Remove Finnish stopwords and punctuation from CoNLL-U dataframe
Source:R/01_prepare.R
fst_rm_stop_punct.Rd
Removes stopwords and punctuation from a dataframe containing Finnish survey text data which is already in CoNLL-U format.
Usage
fst_rm_stop_punct(
data,
stopword_list = "nltk",
language = "fi",
manual = FALSE,
manual_list = ""
)
Arguments
- data
A dataframe of Finnish text in CoNLL-U format.
- stopword_list
A valid stopword list, default is `"nltk"`, `"manual"` can be used to indicate that a manual list will be provided, or `"none"` if you don't want to remove stopwords, known as 'source' in `stopwords::stopwords`
- language
two-letter ISO code of the language for the stopword list
- manual
An optional boolean to indicate that a manual list will be provided, `stopword_list = "manual"` can also or instead be used.
- manual_list
A manual list of stopwords.
Examples
if (FALSE) { # \dontrun{
c <- fst_format(child, question = 'q7', id = 'fsd_id')
fst_rm_stop_punct(c)
fst_rm_stop_punct(c, stopword_list = "snowball")

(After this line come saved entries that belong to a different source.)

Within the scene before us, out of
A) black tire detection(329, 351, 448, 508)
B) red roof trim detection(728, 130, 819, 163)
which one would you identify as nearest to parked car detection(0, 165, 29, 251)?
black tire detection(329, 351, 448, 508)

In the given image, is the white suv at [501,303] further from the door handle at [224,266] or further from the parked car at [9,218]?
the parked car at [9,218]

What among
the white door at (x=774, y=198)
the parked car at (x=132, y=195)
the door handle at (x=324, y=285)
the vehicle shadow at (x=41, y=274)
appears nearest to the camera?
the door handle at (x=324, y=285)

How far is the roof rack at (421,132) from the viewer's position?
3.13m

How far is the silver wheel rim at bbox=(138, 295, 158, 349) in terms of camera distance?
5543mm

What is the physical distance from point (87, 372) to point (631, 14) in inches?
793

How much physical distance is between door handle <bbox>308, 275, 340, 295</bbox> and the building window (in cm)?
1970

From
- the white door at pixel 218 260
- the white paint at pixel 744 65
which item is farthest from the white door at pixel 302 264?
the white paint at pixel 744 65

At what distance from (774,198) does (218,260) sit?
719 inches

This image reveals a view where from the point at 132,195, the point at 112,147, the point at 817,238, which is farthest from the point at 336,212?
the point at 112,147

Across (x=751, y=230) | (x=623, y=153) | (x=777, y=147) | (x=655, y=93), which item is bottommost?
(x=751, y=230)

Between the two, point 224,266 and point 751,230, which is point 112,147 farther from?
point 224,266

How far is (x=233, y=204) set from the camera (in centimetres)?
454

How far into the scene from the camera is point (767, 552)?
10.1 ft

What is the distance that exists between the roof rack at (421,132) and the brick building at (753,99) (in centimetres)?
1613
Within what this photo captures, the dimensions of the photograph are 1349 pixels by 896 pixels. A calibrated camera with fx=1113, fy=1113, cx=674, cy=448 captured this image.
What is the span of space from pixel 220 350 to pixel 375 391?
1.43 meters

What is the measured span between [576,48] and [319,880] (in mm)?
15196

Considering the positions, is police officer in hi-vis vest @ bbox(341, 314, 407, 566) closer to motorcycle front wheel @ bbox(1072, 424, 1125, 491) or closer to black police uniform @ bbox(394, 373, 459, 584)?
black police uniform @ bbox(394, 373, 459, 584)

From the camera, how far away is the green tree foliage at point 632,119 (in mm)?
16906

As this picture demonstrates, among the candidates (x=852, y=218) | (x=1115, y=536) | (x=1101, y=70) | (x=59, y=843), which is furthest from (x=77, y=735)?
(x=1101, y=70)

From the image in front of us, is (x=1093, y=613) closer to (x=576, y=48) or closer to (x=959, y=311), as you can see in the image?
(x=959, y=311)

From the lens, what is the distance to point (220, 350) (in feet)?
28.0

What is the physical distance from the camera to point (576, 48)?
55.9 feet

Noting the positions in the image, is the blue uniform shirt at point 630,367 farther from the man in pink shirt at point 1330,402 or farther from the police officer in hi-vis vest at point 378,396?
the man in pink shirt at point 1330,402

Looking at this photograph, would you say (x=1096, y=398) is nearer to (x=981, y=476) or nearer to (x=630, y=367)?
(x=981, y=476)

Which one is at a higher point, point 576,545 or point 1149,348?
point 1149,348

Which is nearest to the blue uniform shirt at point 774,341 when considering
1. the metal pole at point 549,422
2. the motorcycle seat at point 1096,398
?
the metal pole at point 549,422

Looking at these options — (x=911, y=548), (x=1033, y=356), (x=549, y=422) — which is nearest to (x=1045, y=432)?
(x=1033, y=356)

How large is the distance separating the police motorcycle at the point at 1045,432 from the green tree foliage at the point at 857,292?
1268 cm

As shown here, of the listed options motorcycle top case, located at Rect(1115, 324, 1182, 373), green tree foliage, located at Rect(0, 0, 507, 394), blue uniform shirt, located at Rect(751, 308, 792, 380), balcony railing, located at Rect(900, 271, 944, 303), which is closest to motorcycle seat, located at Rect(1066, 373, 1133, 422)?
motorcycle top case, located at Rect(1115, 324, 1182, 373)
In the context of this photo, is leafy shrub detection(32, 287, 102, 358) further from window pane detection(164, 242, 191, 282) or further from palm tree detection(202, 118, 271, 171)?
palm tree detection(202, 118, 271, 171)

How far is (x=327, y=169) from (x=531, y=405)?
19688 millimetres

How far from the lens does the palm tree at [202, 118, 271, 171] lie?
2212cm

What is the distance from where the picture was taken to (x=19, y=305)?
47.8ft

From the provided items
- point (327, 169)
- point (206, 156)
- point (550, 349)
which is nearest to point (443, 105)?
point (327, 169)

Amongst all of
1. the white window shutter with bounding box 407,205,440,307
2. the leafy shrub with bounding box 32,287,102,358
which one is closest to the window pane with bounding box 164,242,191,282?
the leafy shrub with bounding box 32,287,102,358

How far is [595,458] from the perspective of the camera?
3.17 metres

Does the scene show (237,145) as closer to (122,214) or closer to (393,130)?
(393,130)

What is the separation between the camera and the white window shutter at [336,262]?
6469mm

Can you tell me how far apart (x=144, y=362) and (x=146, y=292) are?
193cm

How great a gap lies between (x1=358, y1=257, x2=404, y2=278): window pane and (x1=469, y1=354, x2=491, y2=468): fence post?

fst_rm_stop_punct(c, "stopwords-iso")
mlist <- c('en', 'et', 'ei', 'emme', 'ette', 'eivät', 'minä', 'minum')
mlist2 <- "en, et, ei, emme, ette, eivät, minä, minum"
fst_rm_stop_punct(c, manual = TRUE, manual_list = mlist)
fst_rm_stop_punct(c, stopword_list = "manual", manual_list = mlist)
unlink("finnish-ftb-ud-2.5-191206.udpipe")
} # }